1960 film directed by Lucio Fulci

Urlatori alla sbarra (lit. 'Howlers in the Dock') is a 1960 Italian musicarello film directed and co-written by Lucio Fulci.

==Plot==

The film is a fast-paced musical comedy about a band of teddy boys and rock n' roll chicks, whose crazy, fun-loving habits inspire bitter complaints from their neighbors in the town. A prominent blue jeans company owner feels that the kids' poor reputation adversely affects his product's sales and public image.
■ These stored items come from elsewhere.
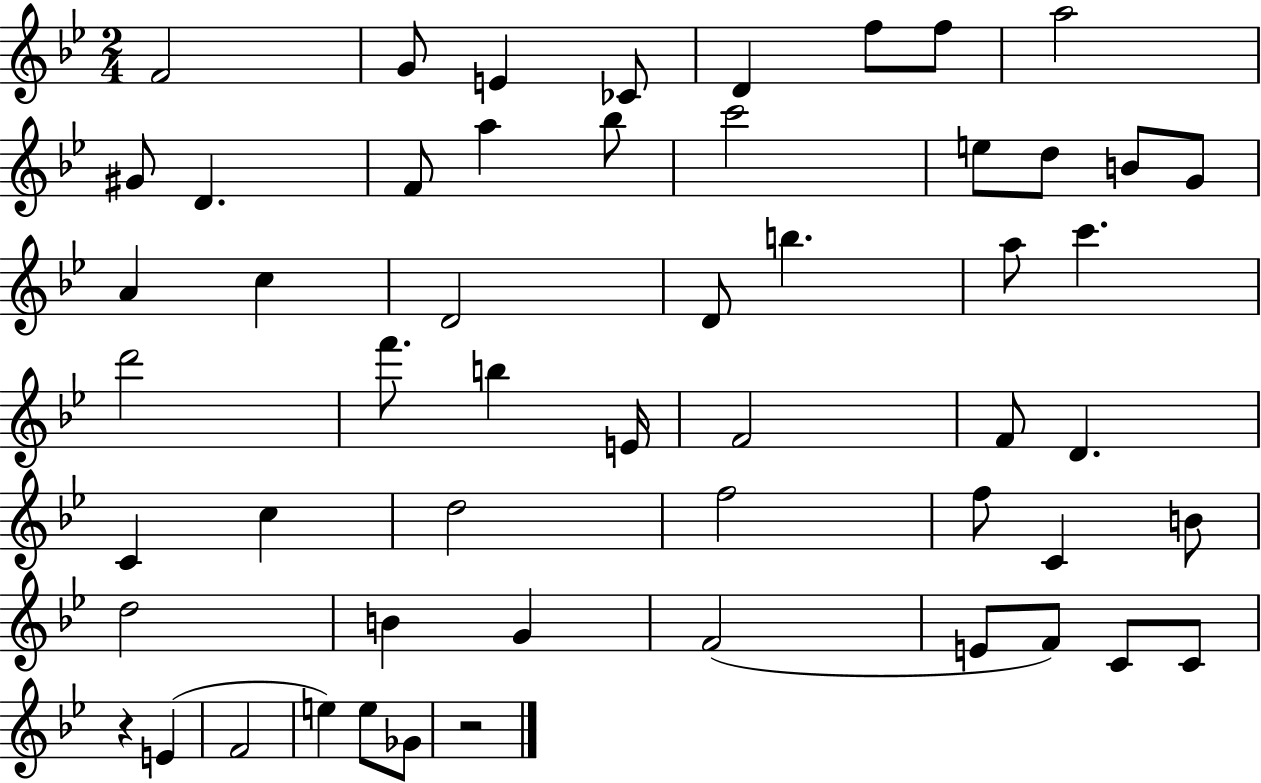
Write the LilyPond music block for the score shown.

{
  \clef treble
  \numericTimeSignature
  \time 2/4
  \key bes \major
  f'2 | g'8 e'4 ces'8 | d'4 f''8 f''8 | a''2 | \break gis'8 d'4. | f'8 a''4 bes''8 | c'''2 | e''8 d''8 b'8 g'8 | \break a'4 c''4 | d'2 | d'8 b''4. | a''8 c'''4. | \break d'''2 | f'''8. b''4 e'16 | f'2 | f'8 d'4. | \break c'4 c''4 | d''2 | f''2 | f''8 c'4 b'8 | \break d''2 | b'4 g'4 | f'2( | e'8 f'8) c'8 c'8 | \break r4 e'4( | f'2 | e''4) e''8 ges'8 | r2 | \break \bar "|."
} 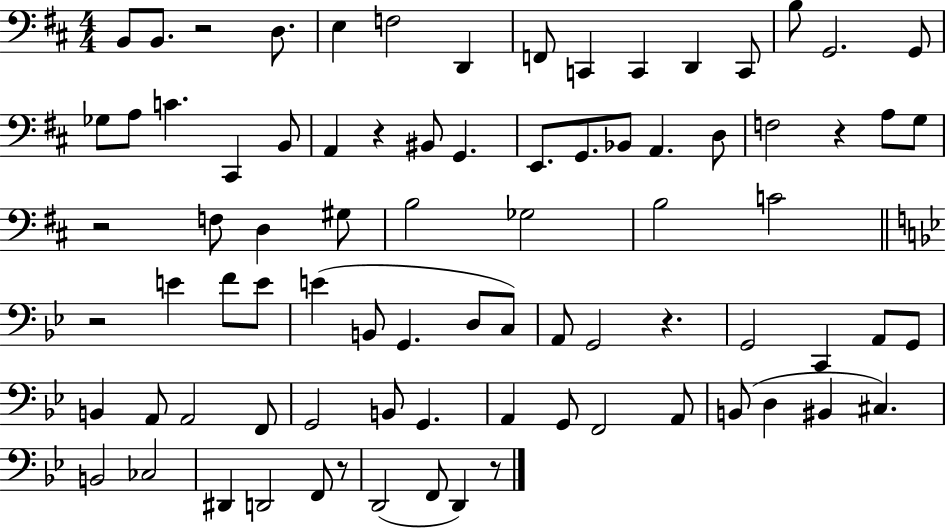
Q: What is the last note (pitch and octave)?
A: D2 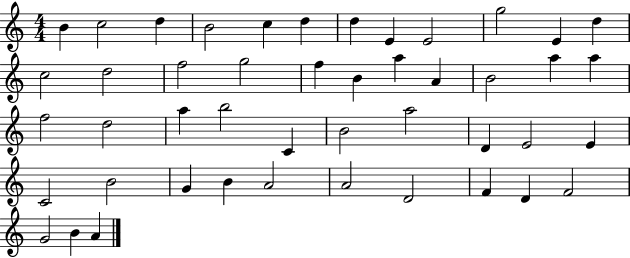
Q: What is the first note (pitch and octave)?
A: B4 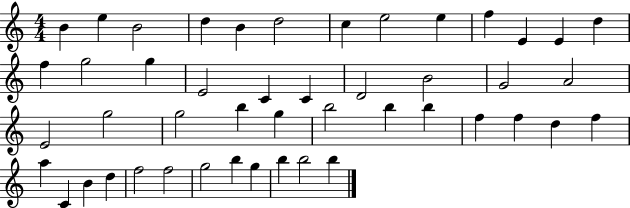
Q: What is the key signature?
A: C major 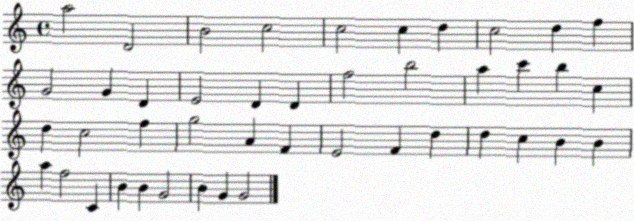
X:1
T:Untitled
M:4/4
L:1/4
K:C
a2 D2 B2 c2 c2 c d c2 d f G2 G D E2 D D f2 b2 a c' b c d c2 f g2 A F E2 F d d c B B a f2 C B B G2 B G G2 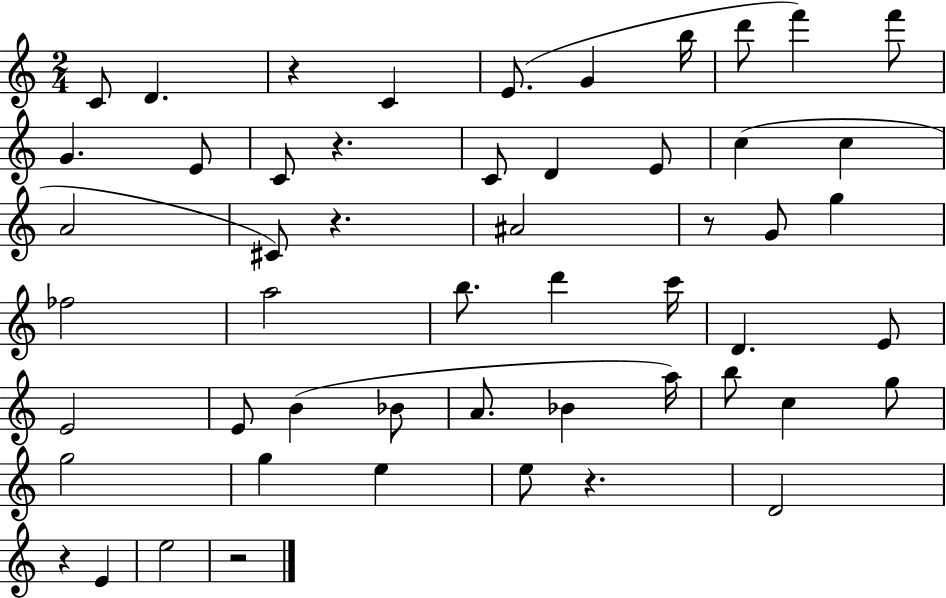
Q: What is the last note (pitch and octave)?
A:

Prevailing upon the youths to help, he engineers a series of promotional stunts to lighten the public's opinion of these good-hearted rock n rollers and their lovely jeans. An unscrupulous politician makes things difficult for the youngsters, but everything turns out well.

== Cast ==
- Joe Sentieri as Joe Il Rosso
- Adriano Celentano as Adriano
- Mina Mazzini as Mina
- Elke Sommer as Giulia Giommarelli
- Chet Baker as Chet
- Mario Carotenuto as Professor Giommarelli
- Turi Pandolfini as Senator Bucci
- Giacomo Furia as On. Gubellini
- Marilù Tolo as Marilù
- Umberto Bindi as "Agonia"
- Corrado Lojacono as Corrado
- Gianni Meccia as "Satan"
- Gorni Kramer as Maestro Bremer
- Enzo Garinei as Carimei
- Sandro Giovannini as Giuseppeni
- Bruno Martino
- Lino Banfi as Leopoldo Cannavone
- I Brutos as a group of shepherds

==Development==
Urlatori alla sbarra was developed by the Era Cinematografica who were based in Rome, Italy.

==Release==
Urlatori alla sbarra was distributed by Lux Film in Rome with an 83 minute running time.
 It was first released in Bari on March 23, 1960, followed by Turin on April 21 and Rome on May 28, 1960. It grossed a total of 268 million Italian lire in Italy.

It is also known as Howlers of the Dock in some reference books.